◆ **What to produce**
Give back the entries that follow exactly as written. Any picture gets left out.
(Beginning of Source information)
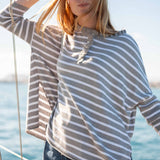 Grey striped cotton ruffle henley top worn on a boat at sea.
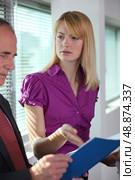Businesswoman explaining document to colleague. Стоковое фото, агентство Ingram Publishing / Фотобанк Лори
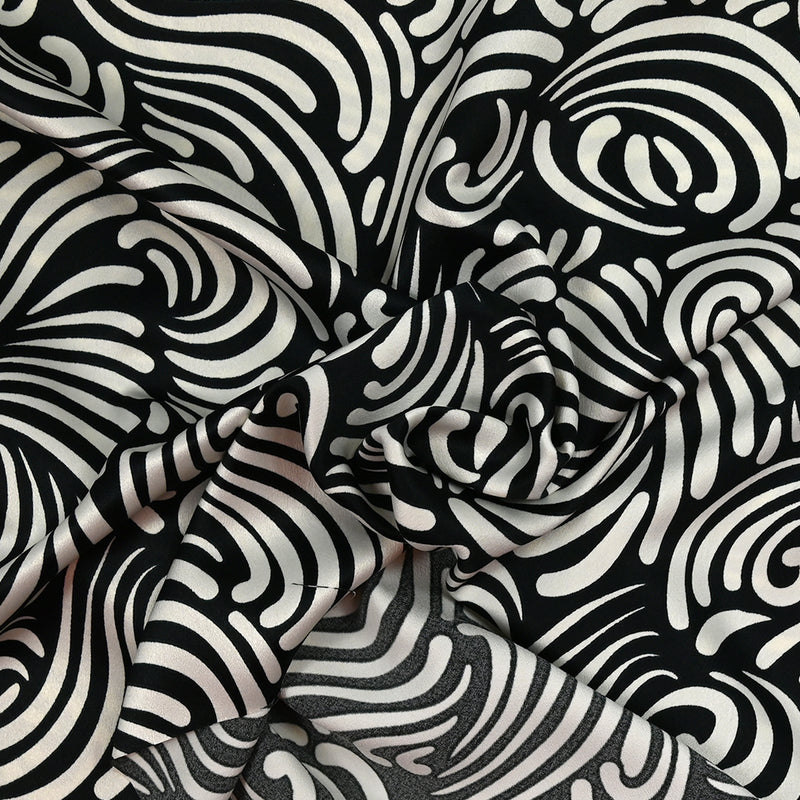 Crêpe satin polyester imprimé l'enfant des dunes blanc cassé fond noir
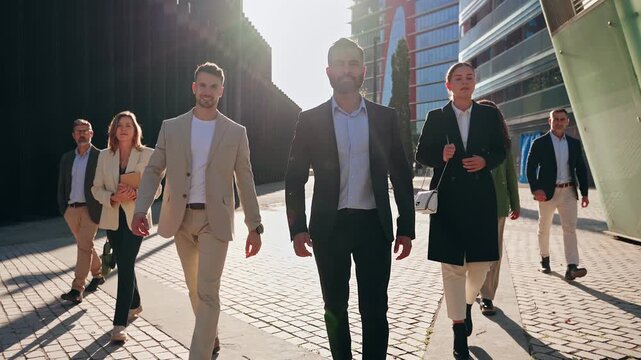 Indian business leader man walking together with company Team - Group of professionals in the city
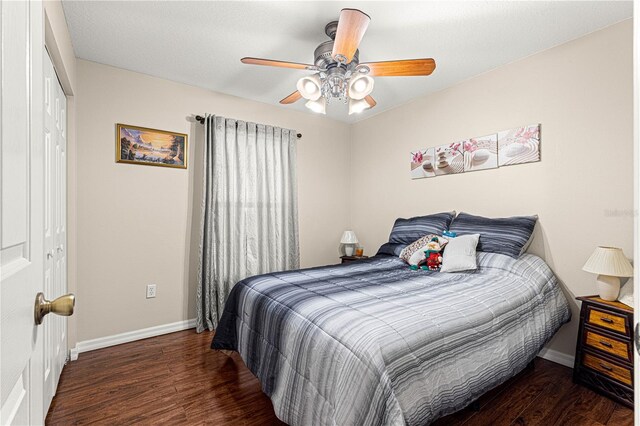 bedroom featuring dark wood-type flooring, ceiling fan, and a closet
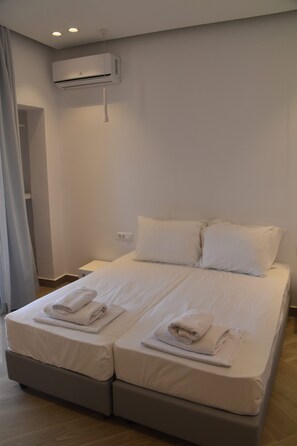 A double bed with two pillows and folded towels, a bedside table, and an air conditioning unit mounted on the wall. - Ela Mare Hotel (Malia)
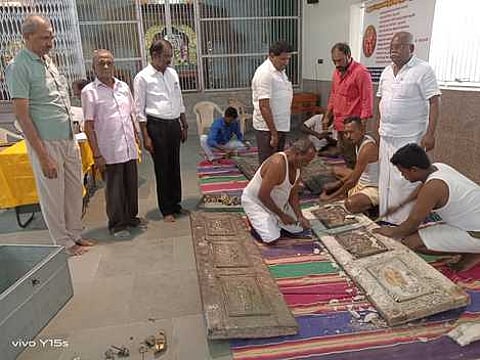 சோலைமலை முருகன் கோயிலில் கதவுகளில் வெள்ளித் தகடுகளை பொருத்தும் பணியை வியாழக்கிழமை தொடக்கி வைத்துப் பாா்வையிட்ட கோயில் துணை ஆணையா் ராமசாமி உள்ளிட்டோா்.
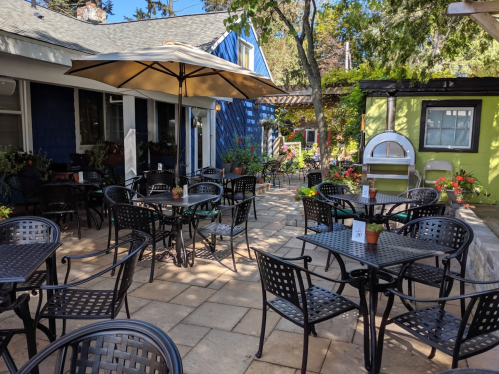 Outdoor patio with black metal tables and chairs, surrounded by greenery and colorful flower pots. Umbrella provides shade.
(End of Source information)
◆ **Response to this exercise**
 Grey striped cotton ruffle henley top worn on a boat at sea.
Businesswoman explaining document to colleague. Стоковое фото, агентство Ingram Publishing / Фотобанк Лори
 Crêpe satin polyester imprimé l'enfant des dunes blanc cassé fond noir
 Indian business leader man walking together with company Team - Group of professionals in the city
 bedroom featuring dark wood-type flooring, ceiling fan, and a closet
 A double bed with two pillows and folded towels, a bedside table, and an air conditioning unit mounted on the wall. - Ela Mare Hotel (Malia)
 சோலைமலை முருகன் கோயிலில் கதவுகளில் வெள்ளித் தகடுகளை பொருத்தும் பணியை வியாழக்கிழமை தொடக்கி வைத்துப் பாா்வையிட்ட கோயில் துணை ஆணையா் ராமசாமி உள்ளிட்டோா்.
 Outdoor patio with black metal tables and chairs, surrounded by greenery and colorful flower pots. Umbrella provides shade.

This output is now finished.